Brett Young singles chronology
| "Sleep Without You" (2016) | "In Case You Didn't Know" (2017) | "Like I Loved You" (2017) |

Alternative cover
- Alternative cover featuring Hannah McFarland

= In Case You Didn't Know (song) =

"In Case You Didn't Know" is a song recorded by American country pop singer Brett Young and co-written by Young, Trent Tomlinson, Tyler Reeve, and Kyle Schlienger. It was released to radio on January 9, 2017 as the second single from his debut self-titled album (2017). The song has been certified Diamond by the RIAA, the first song by Young to receive a Diamond certification.

The song was written in 2016 during a working trip to Puerto Vallarta, Mexico. Young co-wrote the song at the retreat with Tyler Reeve, Kyle Schlienger, and Trent Tomlinson. According to Young, the inspiration for the song came from a story told by Peters about his wife Brandy: "[Peters] said when he was a kid, his mom would not be the type to say "I love you" but he seemed to always know it in some way. Peters married his wife in March 1998 and he wanted to show his love for her by co-writing this song".

In 2017, Young released a duet version of the song with Irish singer Una Healy.

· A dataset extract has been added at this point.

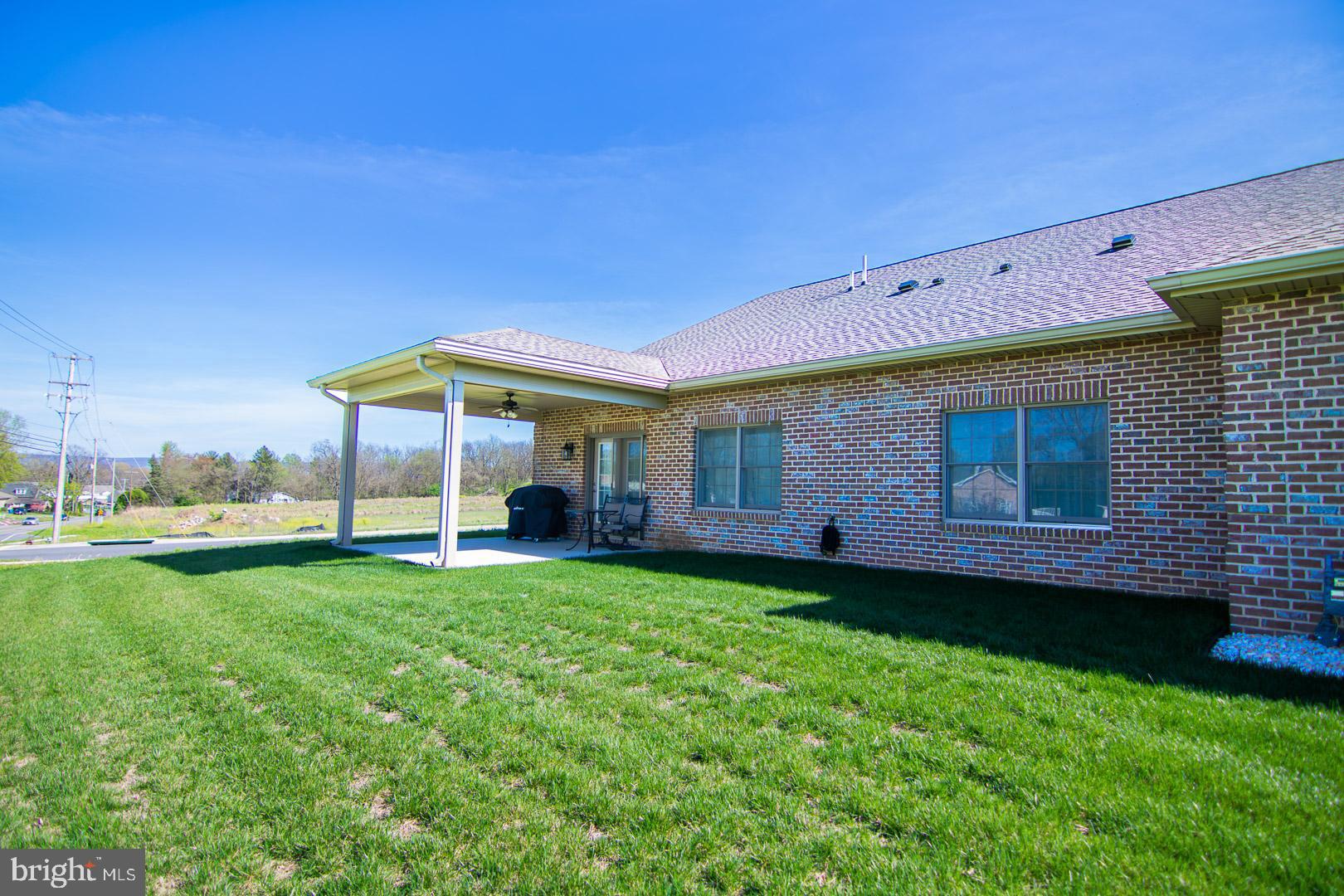 EMERALD POINTE - Residential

==Commercial performance==
The song first entered on Billboards Hot Country Songs chart at number 45 for the week of August 6, 2016 after it was featured on The Highway in July 2016, selling 9,000 copies that week. It also peaked at number two for a record of 16 consecutive weeks but it was kept out of the top spot by "Body Like a Back Road" by Sam Hunt. The song debuted on the Country Airplay chart at number 52 for the week of December 24, 2016 before its official release in January 2017. It peaked at number one for the week of June 10, 2017, making it Young's first number one hit of his career. The song reached over a million in actual sales by January 2018. On March 20, 2024, the single was certified Diamond by the Recording Industry Association of America (RIAA) for over 10 million combined sales and stream units in the United States, his first song to achieve this feat. It has sold 1,263,000 copies in the United States as of November 2019. The song also reached number 19 on the Billboard Hot 100, making Brett one of the few male country artists to have a top 20 hit on the pop chart from their debut album.

== Music video ==
The music video was directed by Jennifer Rothlein.

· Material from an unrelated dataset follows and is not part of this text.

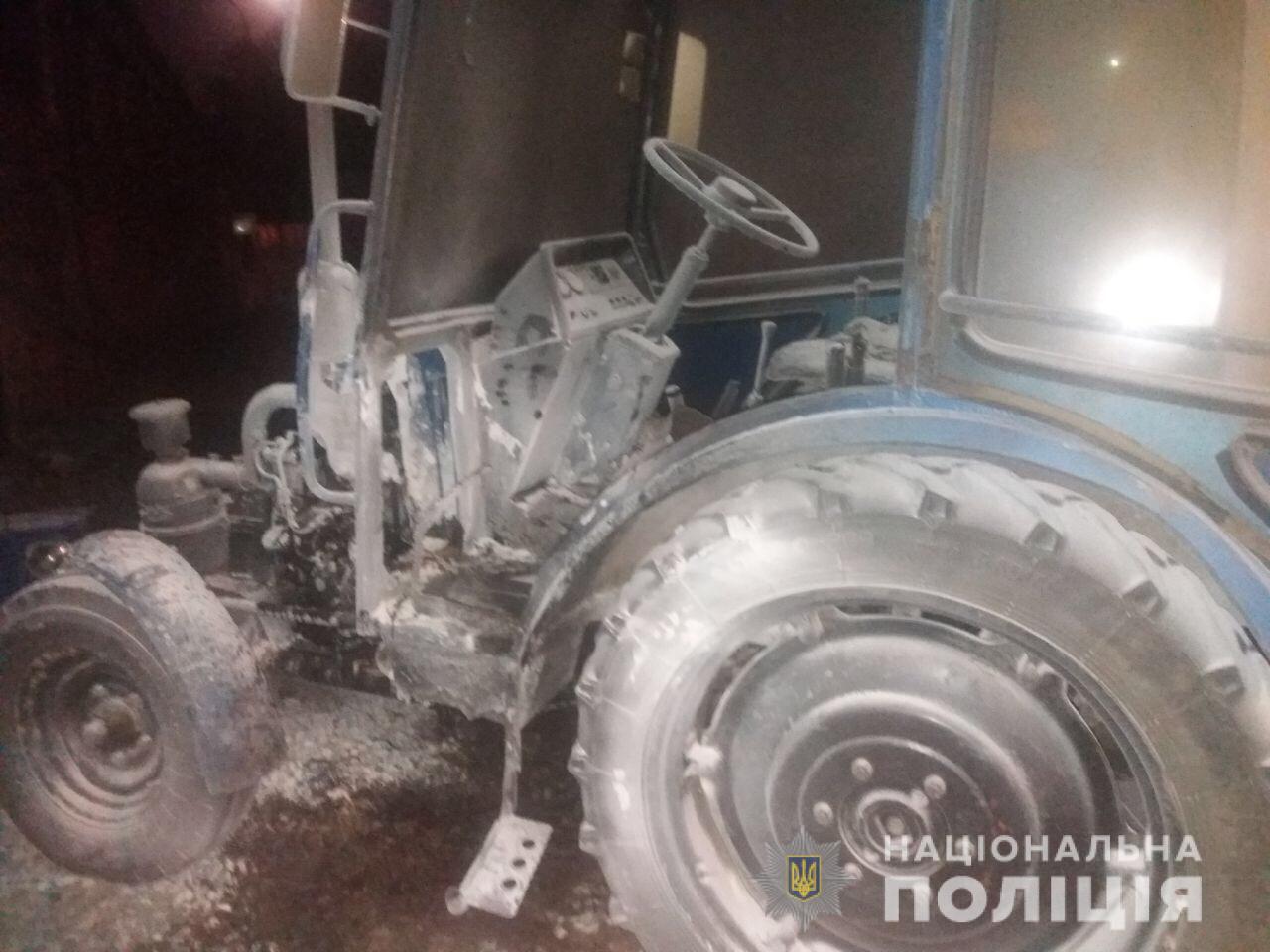 На территории авторынка в Харькове взорвали трактор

Young climbs out of the back of a taxi cab and, after a few backstage shots, performs the song to an empty Tivoli Theatre consisting of only his desired woman in the audience (played by Sara Morgan). She soon disappears, however, and the video ends as Young walks out the front doors of the theatre and down the sidewalk into the distance.

== Charts ==

===Weekly charts===

| Chart (2017) | Peak position |
|---|---|
| Canada Hot 100 (Billboard) | 50 |
| Canada Country (Billboard) | 1 |
| US Billboard Hot 100 | 19 |
| US Country Airplay (Billboard) | 1 |
| US Hot Country Songs (Billboard) | 2 |

===Year-end charts===

| Chart (2017) | Position |
|---|---|
| Canada Country (Billboard) | 5 |
| US Billboard Hot 100 | 57 |
| US Country Airplay (Billboard) | 10 |
| US Hot Country Songs (Billboard) | 2 |

===Decade-end charts===

| Chart (2010–2019) | Position |
|---|---|
| US Hot Country Songs (Billboard) | 11 |

==Certifications==

| Region | Certification | Certified units/sales |
| Australia (ARIA) | 3× Platinum | 210,000^{‡} |
| Canada (Music Canada) | 7× Platinum | 560,000^{‡} |
| New Zealand (RMNZ) | 2× Platinum | 60,000^{‡} |
| United Kingdom (BPI) | Gold | 400,000^{‡} |
| United States (RIAA) | Diamond | 10,000,000^{‡} |
^{‡} Sales+streaming figures based on certification alone.